Hello, everyone! I’m relatively new to the community and LLVM, but I’m happy to be here and meet everyone!
I am currently working on adding components to improve Profile Guided Optimization operations and am looking to propose a feature addition to the LLVM ASM Printer to allow S_POGODATA to be added to the PDB files to allow users who perform PGO to better understand its effects on a function level when looking at the PDB. This is what currently exists in the Microsoft Visual C++ compiler and I hope to enable clang to match the same on windows.
As per the publically available PDB GitHub info for Code View Info:microsoft-pdb/cvinfo.h at master · microsoft/microsoft-pdb · GitHub
S_POGODATA structure is defined by:
typedef struct POGOINFO {
unsigned short reclen; // Record length
unsigned short rectyp; // S_POGODATA
unsigned long invocations; // Number of times function was called
__int64 dynCount; // Dynamic instruction count
unsigned long numInstrs; // Static instruction count
unsigned long staInstLive; // Final static instruction count (post inlining)
} POGOINFO;
My hope is to update the CodeViewDebug::emitDebugInfoForFunction method to access the per function information and emit the record into the PDB.
Computing function invocation is relatively unambiguous as it corresponds to the recorded Function Entry count.
The number of instructions seems to also be stored. However, it is not clear if we should be considering IR level instruction counts or the Machine Lowered Instruction counts.
This also feeds into what should be considered for the Live Instruction Counts and the Dynamic Instruction Counts.
Another concern is the means of computing the Dynamic instruction counts using basic blocks vs machine basic blocks. Currently, I have updated the AsmPrinter::SetupMachineFunction method where I am iterating over a function’s Basic Blocks and computing the sum of (basic block instruction count * basic block invocation count) to compute the dynamic instruction count and summing the block instruction count when block invocation count is non 0 to compute the Live instruction count. I would like to ask if this would be the appropriate approach towards computing both these values and if this would be the appropriate code/methods to add this logic to. I have also updated the LLVM PDB parser to be able to read out the same from the PDB.

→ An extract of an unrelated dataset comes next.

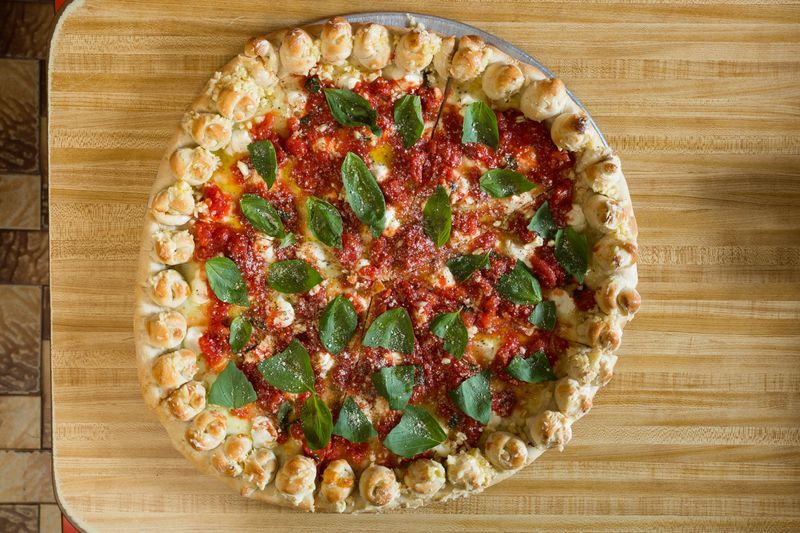 Vinnie's Pizzeria: Creative Late-Night Canvas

Alternative ideas might be to add an analysis pass to compute these values and access them at a later point. But I’m not sure if that would be the best approach. Also, it’s not clear if we should be using machine basic blocks or regular basic blocks as the results vary and are sometimes unavailable at certain points.
I would greatly appreciate any comments or feedback on the idea and the potential feedback.
Cheers!